Gli arbitri sbottano. E dicono: non ce la facciamo più. Marcello Nicchi, il loro capo, convoca i giornalisti nella sede e pronuncia in una conferenza stampa un vero e proprio j’accuse: rimborsi non pagati, minacce, violenze, direttori di gara convocati in tribunale. Le denunce avvengono in una conferenza stampa, organizzata nello stesso luogo in cui due settimane fa sono arrivate al suo indirizzo, a quello del suo vice, Narciso Pisacreta, e al designatore Nicola Rizzoli, tre buste. Contenevano presumibilmente tre proiettili. In realtà ne è stata aperta soltanto una, quella per Nicchi, scoprendo la pallottola. A quel punto gli altri plichi non sono stati aperti, ma consegnati alla Digos. Che ha aperto l’inchiesta, ora affidata al procuratore aggiunto di Roma, Francesco Caporale, titolare dell’antiterrorismo, che indaga sull’ipotesi di reato di minacce aggravate. Il numero uno dei direttori di gara mette in relazione l’accaduto con un altro episodio: «C’è un giornalista professionista che in una trasmissione ha affermato: “Bisogna sparare agli arbitri e non permettere loro di arbitrare”. Questa è la conseguenza».
VIOLENZE – Il discorso di Nicchi illustra un’emergenza trasversale che lega il «clima» che circonda il calcio di vertice e quello della Seconda e della Terza categoria, i campionati dove si concentra il maggior numero di aggressioni, verbali e fisiche, agli arbitri. I dati della stagione scorsa rischiano di essere superati: siamo già a 300 aggressioni con 100 ricoveri al pronto soccorso. «Non è più accettabile che si continui a picchiare ragazzi di 16 o 17 anni. I genitori ci chiamano preoccupati, e peraltro si lamentano del fatto che da cinque mesi non arrivano i rimborsi e devono pure anticipare la benzina. Noi non chiediamo di darci più soldi, vogliamo solo ciò che ci spetta». Fabbricini ha studiato a fondo la situazione: la pratica arriva all’Aia (che controlla la rendicontazione), poi viene girata in Figc per la liquidazione di oltre 500mila prestazioni in un anno (ne parliamo a lato).
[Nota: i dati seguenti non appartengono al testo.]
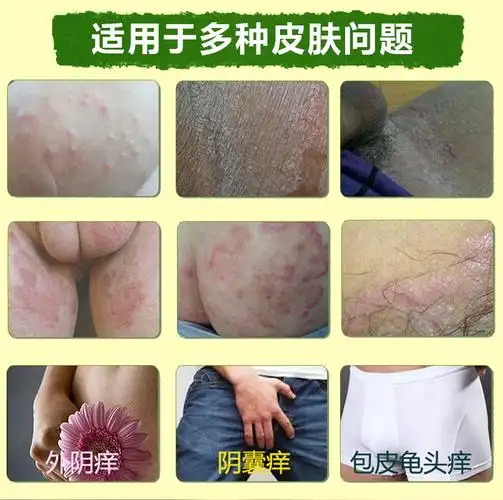 百草阴痒膏 男女外阴内阴部阴囊潮湿包皮龟炎头肛门大腿内侧止痒女性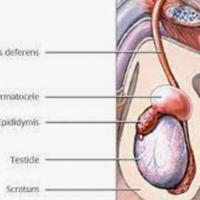 Epididymis spermatocele 1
VOCAZIONI – Ma si tratta solo di una parte di un malessere più generale: «Il rischio è di un calo delle vocazioni». Anche perché, spiega Nicchi, «le tessere federali non valgono più niente. I posti sono limitati, gli arbitri non possono andare a vedere le partite, una possibilità che rappresentava spesso anche un movente per cominciare». Ma con chi ce l’ha Nicchi? Con la Figc, ma non con Roberto Fabbricini, persona rispettosa e capace. Non è che c’è pure il fattore due per cento? Il rischio di una cancellazione della rappresentanza elettorale degli arbitri ha senz’altro acceso gli animi. Anche se Nicchi nega, «sono cose che non ci riguardano, a livello istituzionale non se n’è mai parlato». Ma è chiaro che il rimescolamento dei “pesi” potrebbe anche produrre quella soluzione. Quanto allo sciopero, Nicchi per ora fugge da quella parola. «Scioperano i dipendenti, noi siamo volontari». Ma è chiaro che anche quella ipotesi è stata presa in considerazione.
SENZA DIFESE – Due per cento a parte, però, il problema è anche un senso di isolamento della classe arbitrale. Proprio nella stagione della Var, che avrebbe dovuto rasserenare gli animi. Nicchi accusa: non siamo stati difesi. Fino alla convocazione dal giudice di pace di Di Bello, l’arbitro che ha diretto e bene Inter-Milan e che è stato portato da un’associazione di consumatori in tribunale. «Ve li immaginate Messi e Ronaldo trascinati in tribunale per un errore o presunto tale?».